Human nature begets anger, but materialism incites it, inflames desire for the unattainable. Men want the beauty queens for their public dining tables and private beds; women want the luxury and privilege their beauty attracts. The clerics want pious sheep gathered in flocks — the natural order.

Over one hundred dead. Who are the one hundred? How were they slain? On what basis were they chosen to be slain? Were they defending property? Did they refuse to bow before Allah's overbearing champions of dogma? Did they bear the identifying mark of an alien idea, either Christianity or some obvious aspect of popular culture aligned with non-Islamic values?

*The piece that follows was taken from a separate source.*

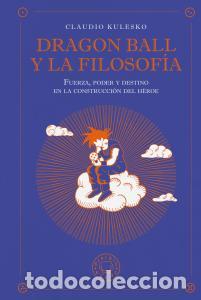 Livres: Dragon ball y la filosofia - Kulesko, Claudio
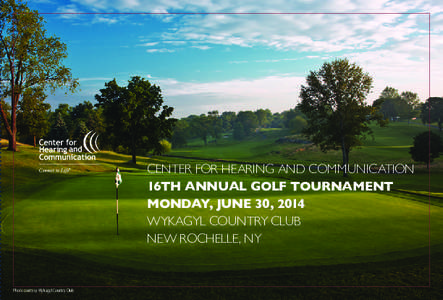 CENTER FOR HEARING AND COMMUNICATION 16TH ANNUAL GOLF TOURNAMENT MONDAY, JUNE 30, 2014 WYKAGYL COUNTRY CLUB NEW ROCHELLE, NY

How does a newspaper's Saturday commentary juxtaposing the Prophet Mohammed's imagined bride with a favorite damsel among the Miss World contestants lead to the death of one hundred residents and the destruction of homes, businesses, and temples of worship? Islam in this context ceases to be religion, becomes instead the rallying symbol of the dispossessed and the disenfranchised denizens of the urban African shanty, who are easily incited by the demogogues of the mosque.

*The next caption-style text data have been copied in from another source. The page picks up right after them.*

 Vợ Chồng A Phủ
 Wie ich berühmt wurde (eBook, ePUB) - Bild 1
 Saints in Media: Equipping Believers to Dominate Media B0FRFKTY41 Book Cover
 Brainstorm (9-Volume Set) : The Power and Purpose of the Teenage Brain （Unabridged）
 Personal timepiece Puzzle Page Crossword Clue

Observe the preview of life in USA when the Dissolution matures. Which may be a long away, or the season next. Event conspires with man to cast the dice.

Friday, November 22

Besotted by end-of-week weariness, we made note of the continuation of the Miss World mayhem. News services were fully engaged with the Nigerian violence; the slash and dash prose of the correspondents and editors provided a rousing read. In Prague the demonstrators aligned against NATO were reported to be fewer in number than expected, not so rambunctious as predicted, and cowed by cold weather and a riot squad restless to the extreme. Editors at CornDancer approved our unexpected winding down, even as the launch of the Space Shuttle Endeavour from its pad in Florida was scratched because of poor weather conditions in far away Spain.

Saturday, November 23

Video imagery of President Bush speaking to Romanians in Bucharest — soft rain falling upon the urban scene, hundreds of thousands of liberated good comrades standing 'round the great man, the shield of bullet-proof glass in a rectangle encasing him, all in celebration of the long-suffering nation's proud new membership in NATO — reminded us beyond the sanctity of context of the fallen Nicolae Ceausescu and past revolutions gone bad. "God smiles on us," Mr. Bush at the end of his speech when a rainbow appeared in the sky.

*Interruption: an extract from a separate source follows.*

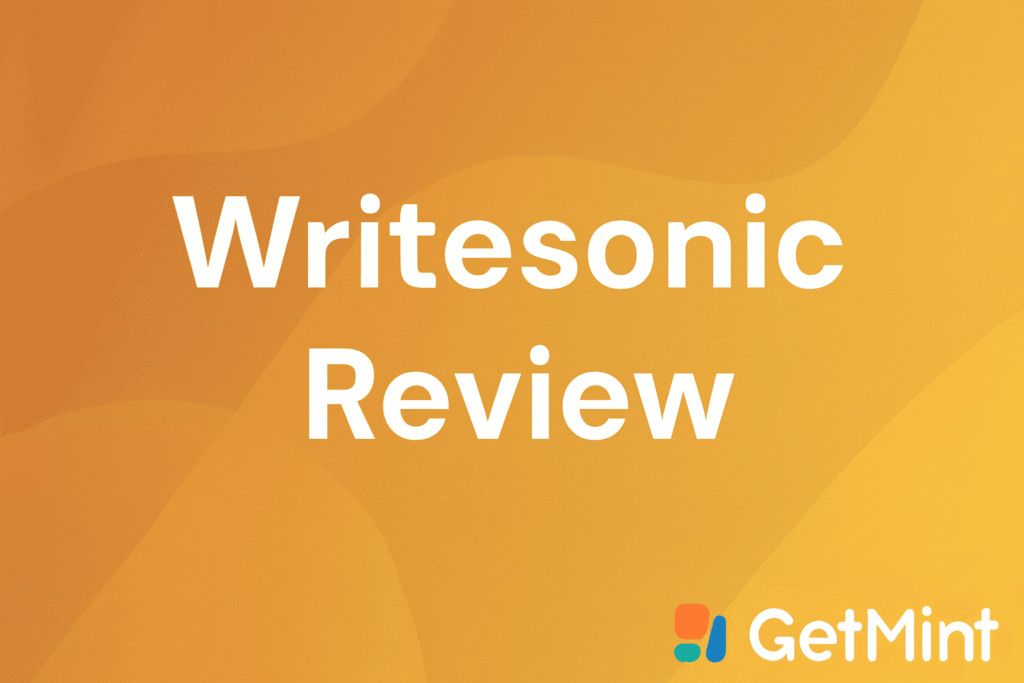 Writesonic Review thumbnail with bold white text on orange-yellow gradient background and GetMint logo.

In Nigeria, the leaders of Miss World yielded to Islam and moved the pageant and its beautiful contestants to London. Christians roused to opposition were burning mosques in the sunlight of Ramadan.

Above Florida the mighty rockets of Endeavour lifted the spaceship into orbit above the planet. The number thirteen had played a prominent role in pre-launch speculation by prophets of doom, who noted a concordance of numerological omens that presaged another Apollo 13, perhaps even the arrival of the dark double of Challenger. Not so! The astronauts and cosmonauts of the shuttle would some days hence be joining the three weary inhabitants of the International Space Station for Thanksgiving dinner in lofty orbit.

Sunday, November 24

We went out and searched for news. It was everywhere, nowhere all at once. The Christians were worn out and resting in preparation for the next round of production, the Muslims hungry and waiting for sunfall to break the fast and make merry, the Pagans marking time 'till the solstice, the abject heathens watching ballgames and raking autumn's leaves. We decided to call it a week, slip 'neath the sheets, and ponder continuing issues of homeland security, space exploration, the war against terrorism, and the psychic peace of the planet.